— Task item —
Exactly reproduce each entry, leaving out nothing.

(Items from a data source)
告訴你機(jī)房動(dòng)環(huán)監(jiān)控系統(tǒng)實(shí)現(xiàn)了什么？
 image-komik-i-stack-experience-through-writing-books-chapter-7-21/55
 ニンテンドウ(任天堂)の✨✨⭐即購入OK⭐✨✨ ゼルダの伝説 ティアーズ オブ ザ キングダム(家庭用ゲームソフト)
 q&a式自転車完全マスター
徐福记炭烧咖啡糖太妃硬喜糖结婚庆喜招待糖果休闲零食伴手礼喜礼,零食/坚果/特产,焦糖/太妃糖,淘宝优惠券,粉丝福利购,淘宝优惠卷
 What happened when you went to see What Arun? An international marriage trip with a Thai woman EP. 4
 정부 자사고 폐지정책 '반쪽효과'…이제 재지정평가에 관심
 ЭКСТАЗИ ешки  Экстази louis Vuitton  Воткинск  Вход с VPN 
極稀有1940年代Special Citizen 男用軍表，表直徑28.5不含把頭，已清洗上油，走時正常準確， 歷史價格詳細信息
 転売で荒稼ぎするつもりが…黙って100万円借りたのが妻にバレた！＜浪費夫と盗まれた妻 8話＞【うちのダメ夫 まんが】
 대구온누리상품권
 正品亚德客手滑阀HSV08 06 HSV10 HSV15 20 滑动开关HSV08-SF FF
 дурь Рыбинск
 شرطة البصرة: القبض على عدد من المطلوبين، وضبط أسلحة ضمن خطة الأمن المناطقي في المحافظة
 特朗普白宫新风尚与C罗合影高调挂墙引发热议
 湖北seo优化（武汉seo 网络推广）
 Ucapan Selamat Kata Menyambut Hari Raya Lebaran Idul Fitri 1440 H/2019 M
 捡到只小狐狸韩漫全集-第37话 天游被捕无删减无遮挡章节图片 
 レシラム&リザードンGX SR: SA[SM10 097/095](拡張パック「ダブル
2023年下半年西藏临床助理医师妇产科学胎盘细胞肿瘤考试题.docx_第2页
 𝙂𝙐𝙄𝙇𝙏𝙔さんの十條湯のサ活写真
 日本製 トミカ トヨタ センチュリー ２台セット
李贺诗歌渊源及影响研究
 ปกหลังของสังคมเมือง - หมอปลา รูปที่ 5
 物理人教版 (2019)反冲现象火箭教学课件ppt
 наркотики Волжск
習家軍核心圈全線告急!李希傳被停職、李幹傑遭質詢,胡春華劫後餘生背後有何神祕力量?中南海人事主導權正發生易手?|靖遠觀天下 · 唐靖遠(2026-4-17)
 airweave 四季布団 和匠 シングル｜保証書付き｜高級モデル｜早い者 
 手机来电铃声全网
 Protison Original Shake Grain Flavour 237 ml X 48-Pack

— Exercise response —
告訴你機(jī)房動(dòng)環(huán)監(jiān)控系統(tǒng)實(shí)現(xiàn)了什么？
 image-komik-i-stack-experience-through-writing-books-chapter-7-21/55
 ニンテンドウ(任天堂)の✨✨⭐即購入OK⭐✨✨ ゼルダの伝説 ティアーズ オブ ザ キングダム(家庭用ゲームソフト)
 q&a式自転車完全マスター
徐福记炭烧咖啡糖太妃硬喜糖结婚庆喜招待糖果休闲零食伴手礼喜礼,零食/坚果/特产,焦糖/太妃糖,淘宝优惠券,粉丝福利购,淘宝优惠卷
 What happened when you went to see What Arun? An international marriage trip with a Thai woman EP. 4
 정부 자사고 폐지정책 '반쪽효과'…이제 재지정평가에 관심
 ЭКСТАЗИ ешки  Экстази louis Vuitton  Воткинск  Вход с VPN 
極稀有1940年代Special Citizen 男用軍表，表直徑28.5不含把頭，已清洗上油，走時正常準確， 歷史價格詳細信息
 転売で荒稼ぎするつもりが…黙って100万円借りたのが妻にバレた！＜浪費夫と盗まれた妻 8話＞【うちのダメ夫 まんが】
 대구온누리상품권
 正品亚德客手滑阀HSV08 06 HSV10 HSV15 20 滑动开关HSV08-SF FF
 дурь Рыбинск
 شرطة البصرة: القبض على عدد من المطلوبين، وضبط أسلحة ضمن خطة الأمن المناطقي في المحافظة
 特朗普白宫新风尚与C罗合影高调挂墙引发热议
 湖北seo优化（武汉seo 网络推广）
 Ucapan Selamat Kata Menyambut Hari Raya Lebaran Idul Fitri 1440 H/2019 M
 捡到只小狐狸韩漫全集-第37话 天游被捕无删减无遮挡章节图片 
 レシラム&リザードンGX SR: SA[SM10 097/095](拡張パック「ダブル
2023年下半年西藏临床助理医师妇产科学胎盘细胞肿瘤考试题.docx_第2页
 𝙂𝙐𝙄𝙇𝙏𝙔さんの十條湯のサ活写真
 日本製 トミカ トヨタ センチュリー ２台セット
李贺诗歌渊源及影响研究
 ปกหลังของสังคมเมือง - หมอปลา รูปที่ 5
 物理人教版 (2019)反冲现象火箭教学课件ppt
 наркотики Волжск
習家軍核心圈全線告急!李希傳被停職、李幹傑遭質詢,胡春華劫後餘生背後有何神祕力量?中南海人事主導權正發生易手?|靖遠觀天下 · 唐靖遠(2026-4-17)
 airweave 四季布団 和匠 シングル｜保証書付き｜高級モデル｜早い者 
 手机来电铃声全网
 Protison Original Shake Grain Flavour 237 ml X 48-Pack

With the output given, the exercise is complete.